I would like to know when is a good time to start teaching your baby sign language. I heard they won't start signing back to you before 6-7 months so starting before 3 months might be pointless. Any thoughts on when you think would be a good time to start for your sake as well as your baby's?
Unless he/she has a hearing impairment just to talk to them. Of course point at the things at the same time, to show what you mean ("You want water?" and point at the bottle) but don't replace talking with signing.
Believe me you'll understand their babbling and they will understand you like any other baby did in the past even without sign language attempts.
Anecdotal evidence: a friend of ours is doing this signing thing with her toddler boy. First of all it looks really odd, like why is she flailing hands when she can simply tell him what she wants? And second the boy is now quite behind with speech development because he can comfortably communicate with his parents using signing and has no need to develop a spoken language.
Trust me your baby will be just fine if you just speak to him/her. All the best.
Updates based on the comments:
I'd suspect that most parents don't know or use the official, true sign language when "signing" with their babies. The name is misleading, it should be called "baby-level hand gestures" as that's what it is. Calling what they do a "sign language" leads to a confusion like we have seen here and it is indeed demeaning to the official, proper sign languages.
In other words I'm not dismissing American Sign Language, British Sign Language, or any other sign language of any country.
That misunderstanding also led to some accusations of ableism in the comments. There was zero mention of any impairments in the OP's baby or their family, in other words the assumption is that they are able to learn to communicate verbally. If it wasn't the case it would certainly be pointed out in the original question. That makes me assume that the OP doesn't have a real need to sign with her baby and is only considering it because it's trendy in some circles.
This answer is obviously not relevant in a situation where the baby or the family need to use a proper sign language. However to my understanding this is not the OP's case.

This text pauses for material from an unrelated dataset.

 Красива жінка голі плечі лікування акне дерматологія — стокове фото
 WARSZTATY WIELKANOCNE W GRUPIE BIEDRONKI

We incorporated basic signs with our children pretty much right after they started opening their eyes (i.e. around 1 month) and coupled it with words. We are not proficient in sign language, we limited ourselves to 'eat', 'drink', and 'more' and was done with a deliberate goal towards the long game and had demonstrable benefits for us.
Our kids are now 3 & 5 and are 3 year old will sometimes fall back on his sign language when he's extremely upset and that's where the benefits really show. Temper tantrums can make forming his thoughts into words all the more difficult, so having a few signs to help him say what he wants can be very helpful for him to convey his desires without words.
He even uses it at bedtime as his way to say, "I love you," and it is the cutest thing ever.
So to summarize, anytime is fine, but I will say there are benefits to be had. It probably won't prevent temper tantrums from occurring, but it will make them a little easier to handle.
We started toilet training our child from roughly day 5, almost by accident. By month 2 or 3, it became clear that the lack of communication was the biggest impediment to success (the baby can't take off their own diaper or climb onto the potty) and it took my dumb brain a few months to come up with sign language. We (the parents) use about 10 signs (of the 25 plus letters that we know - we're very green) as we talk and the baby is currently signing 'milk' to communicate a need (maybe milk). Their verbal communication is still likely months away from catching up based on what I've read. The gross motor stuff is just easier to learn than coordinating the fine motor, breathing and vocalization needed for talking.
The baby made their first poop joke at about 5 months (it wasn't very good, but 5 months!) and it seems clear that babies have a lot going on that they can't express. Right now, our limited vocabulary feels like a missed opportunity.
What if a baby is born deaf? Once parents learn their baby is profoundly deaf, sign language begins, presumably with a baby that can see. Try imagining (as a hearing person with ear plugs on in a very noisy environment) and attempt to listen to someone talking to you. If you can't hear them, you're deaf and relying on your eyes to see their lips move. Lip reading becomes automatic for a deaf baby and sign language a 'normal' skill learned no differently from learning to speak. A deaf baby immediately focuses their eyes, as all babies do, to the person in direct contact. Signing begins immediately. Sign language is the deaf's way of speaking until old enough to learn speech from professionals in deaf schools. Remember, as a deaf person, if you never heard a sound since birth then how do you know how to create sounds into speech since you're deaf from birth? I'm one of several siblings to an older brother born deaf. Mother, father and the rest of us have normal hearing.